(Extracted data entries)
◆ ◆ ◆

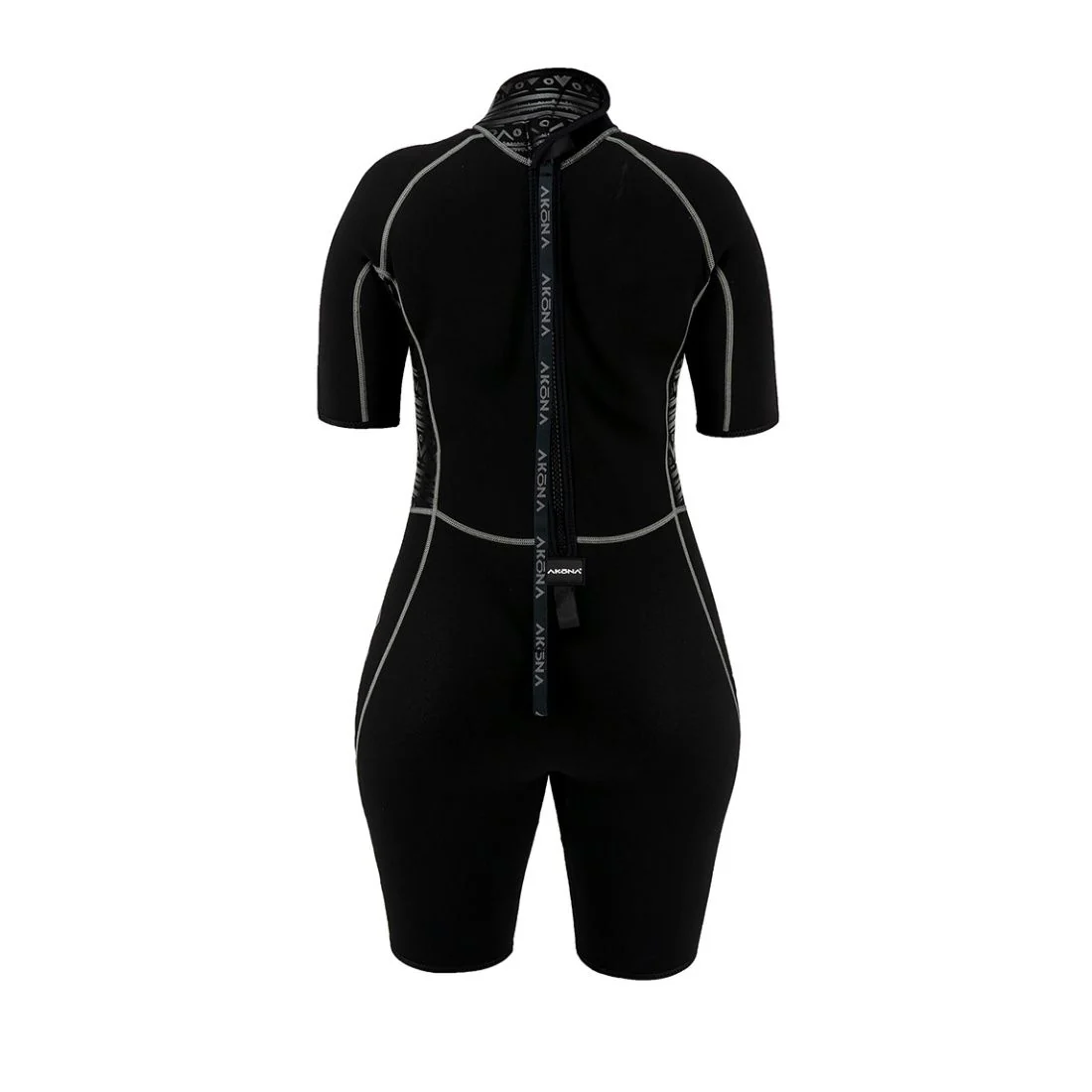 Akona 2.5mm Women's Shorty Back Zip - Image 2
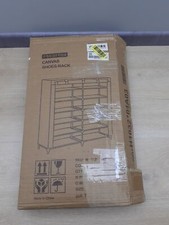 Meerveil 6 Schicht Schuhschrank, Stoffregal 115 x 30 x 110 cm, I16505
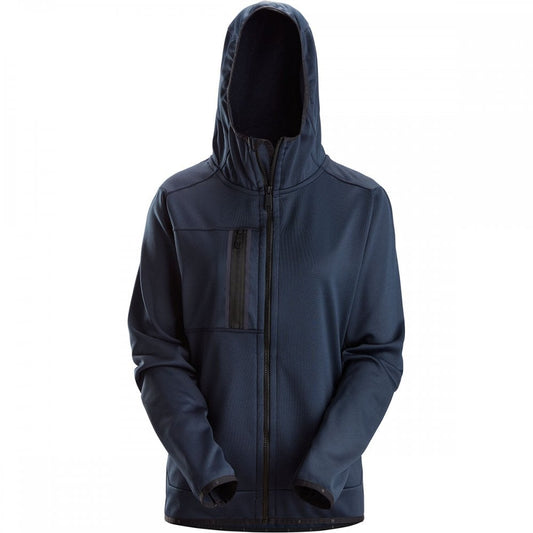 8057 Womens AllroundWork Full-Zip Hoodie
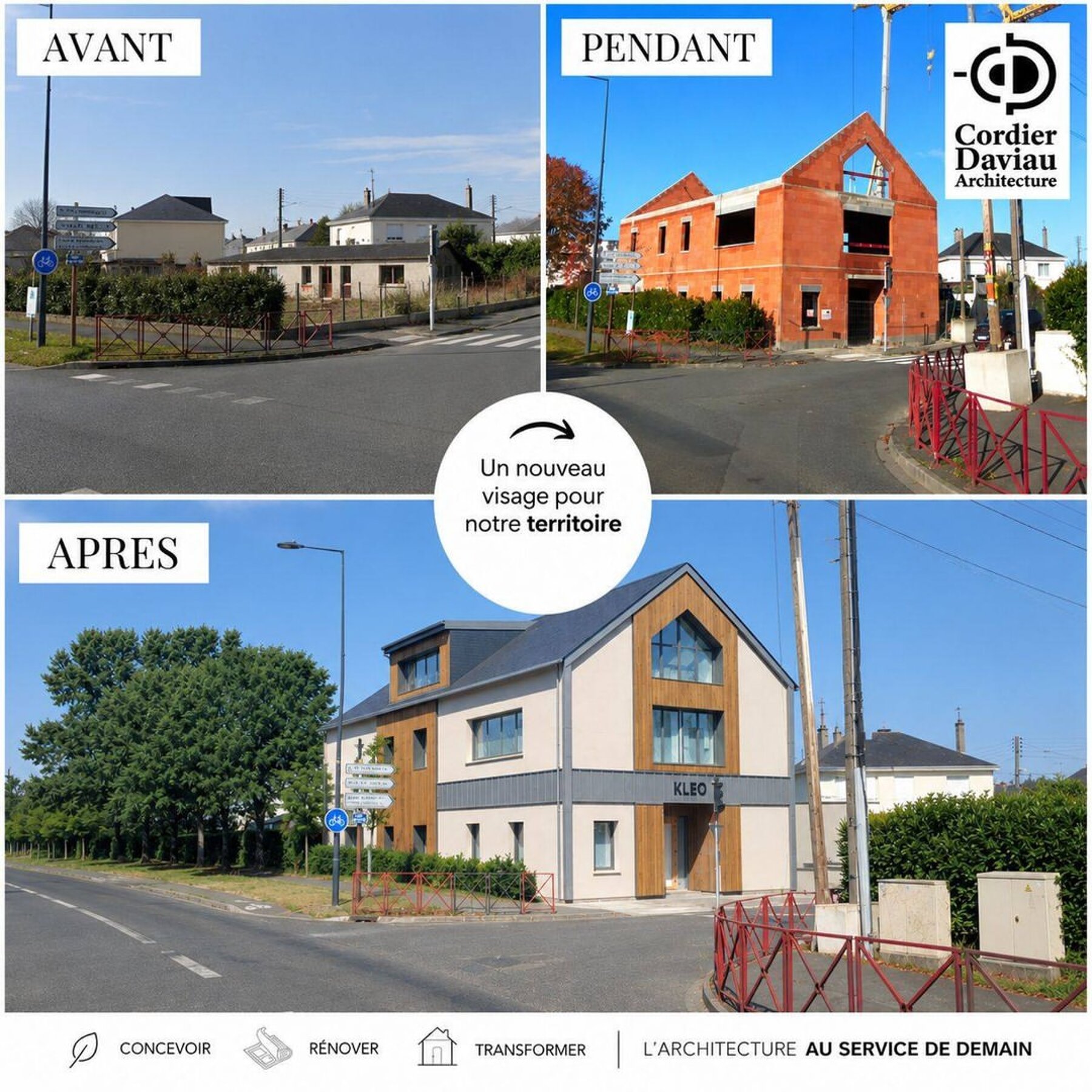Construction neuve - Autre par un architecte Archidvisor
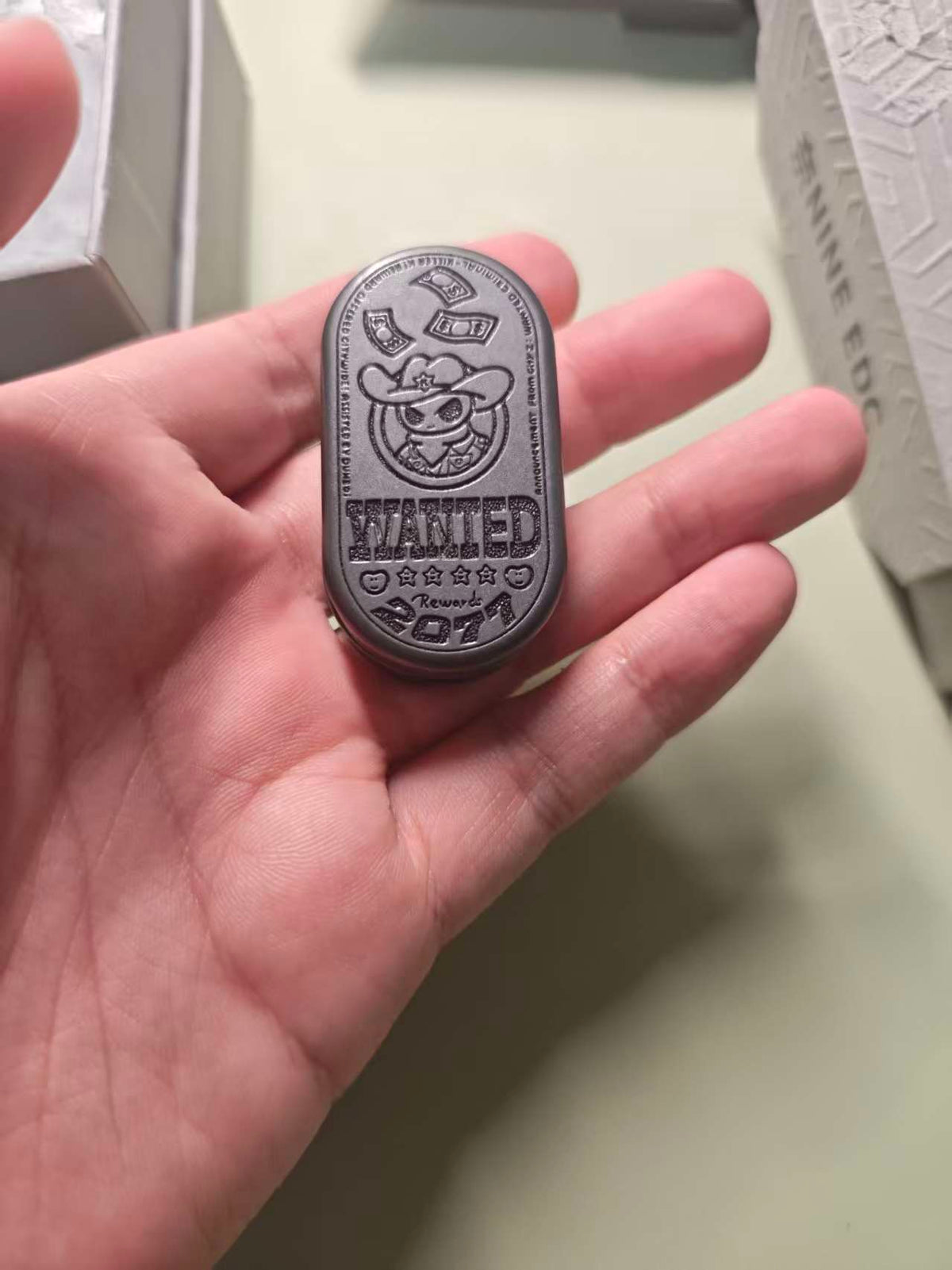 Cowboy Zirconium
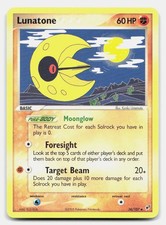 Lunatone [Reverse Holo] #36 Prices | Pokemon Deoxys | Pokemon Cards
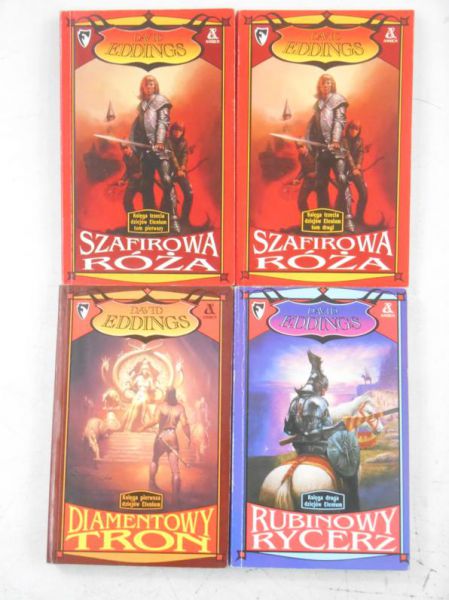 Dzieje Elenium, 3 księgi (komplet)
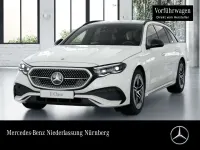 Gebraucht Mercedes E220 AMG line 197 PS (144 kW) 2026 Polarweiß Kombi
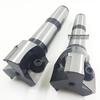 15/30 Degree 45TP Alloy Straight Shank Chamfer Cutter, Countersink Insertable, Replaceable Blade, 120.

◆ ◆ ◆

● **TASK OBJECTIVE**
Output the entries exactly as they appear, with no pictures included.

● **ANSWER SPACE**
 Akona 2.5mm Women's Shorty Back Zip - Image 2
 Meerveil 6 Schicht Schuhschrank, Stoffregal 115 x 30 x 110 cm, I16505
 8057 Womens AllroundWork Full-Zip Hoodie
Construction neuve - Autre par un architecte Archidvisor
 Cowboy Zirconium
 Lunatone [Reverse Holo] #36 Prices | Pokemon Deoxys | Pokemon Cards
 Dzieje Elenium, 3 księgi (komplet)
 Gebraucht Mercedes E220 AMG line 197 PS (144 kW) 2026 Polarweiß Kombi
 15/30 Degree 45TP Alloy Straight Shank Chamfer Cutter, Countersink Insertable, Replaceable Blade, 120.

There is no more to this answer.